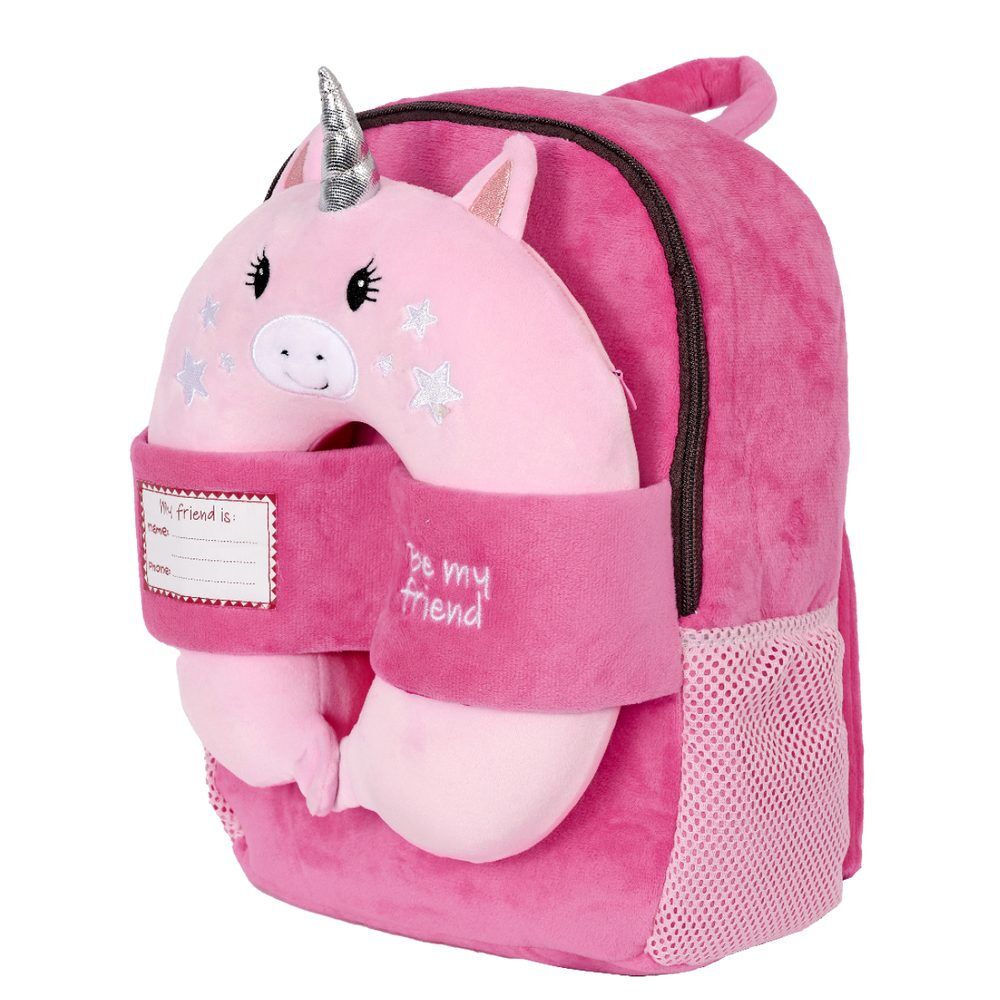 Mochila rosa PERLETTI con cojín frontal de unicornio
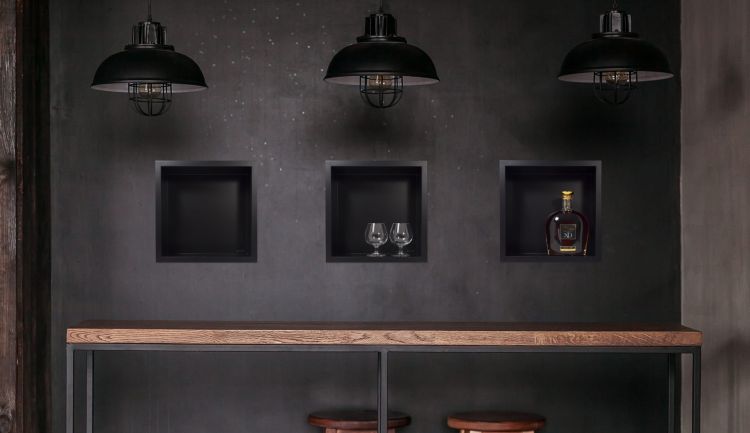 Półka łazienkowa wnękowa do zabudowy 30x30x10 cm ze stali nierdzewnej Balneo Wall-Box One czarny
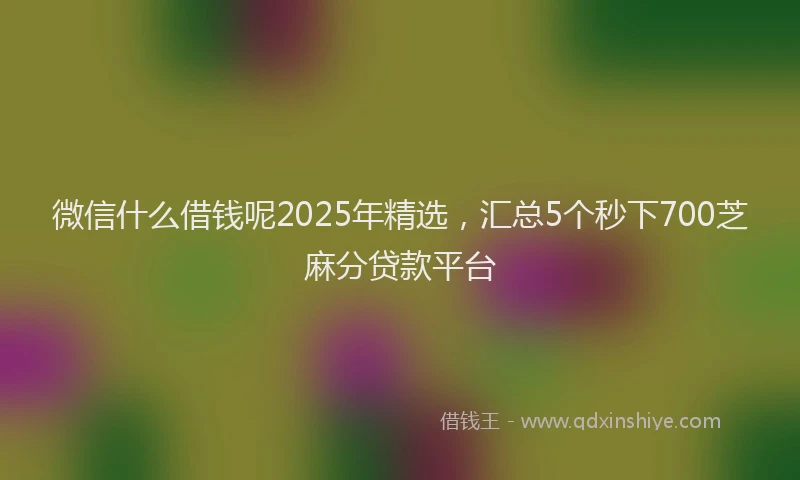 微信什么借钱呢2025年精选，汇总5个秒下700芝麻分贷款平台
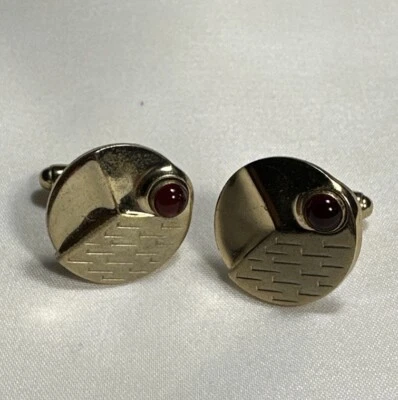 Par De Gemelos Anson Mid-Century Tono Dorado De Colección con Piedra Roja Firmados Foto 1 de 2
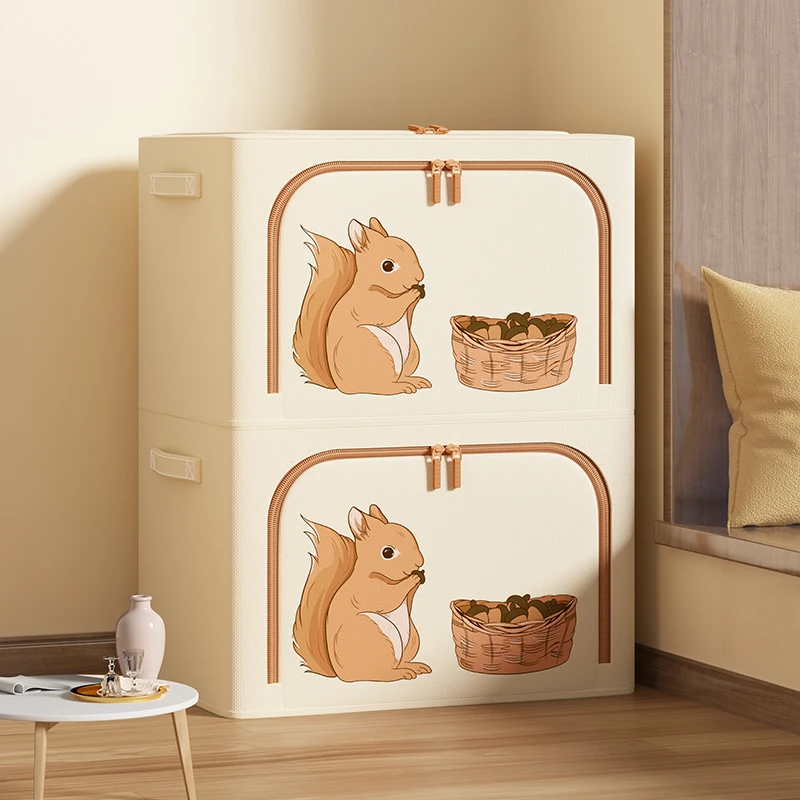 快乐鱼衣服收纳箱家用布艺衣柜折叠储物神器装衣物整理被子的袋盒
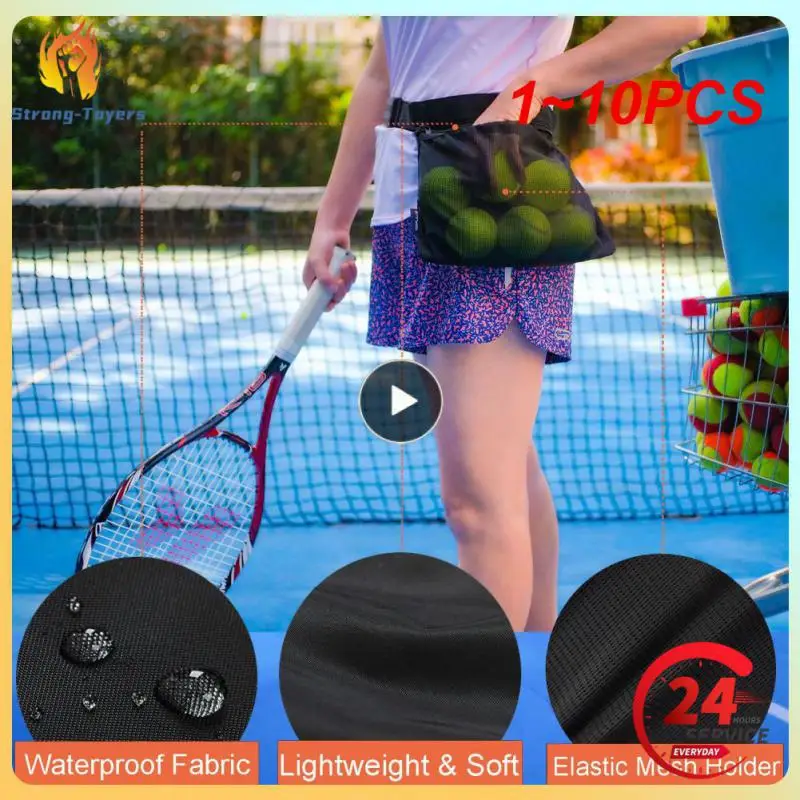 

1~10PCS Tennis Ball Holder Adjustable Tennis Ball Waist Bag Sweatproof Mesh Cloth Ball Pouch Pickleball Training Holding Bag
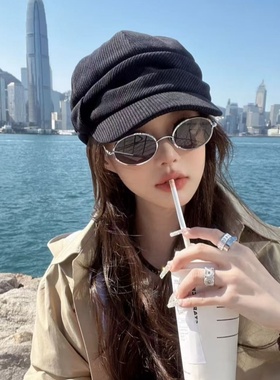 网红复古椭圆形墨镜女近视配度数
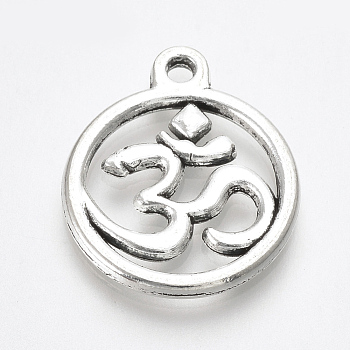 Tibetan Style Alloy Pendants, Flat Round with Om Symbol, Lead Free & Cadmium Free, Antique Silver, 21x18x2mm, Hole: 1.5mm, about 292pcs/500g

____

§ Exercise:
Leaving out all pictures, set down exactly the lines of the material above, from the line with "快乐鱼衣服收纳箱家用布艺衣柜折叠储物神器装衣物整理被子的袋盒" to the line with "网红复古椭圆形墨镜女近视配度数" inclusive, and no others.

§ Solution to this exercise:
 快乐鱼衣服收纳箱家用布艺衣柜折叠储物神器装衣物整理被子的袋盒

1~10PCS Tennis Ball Holder Adjustable Tennis Ball Waist Bag Sweatproof Mesh Cloth Ball Pouch Pickleball Training Holding Bag
 网红复古椭圆形墨镜女近视配度数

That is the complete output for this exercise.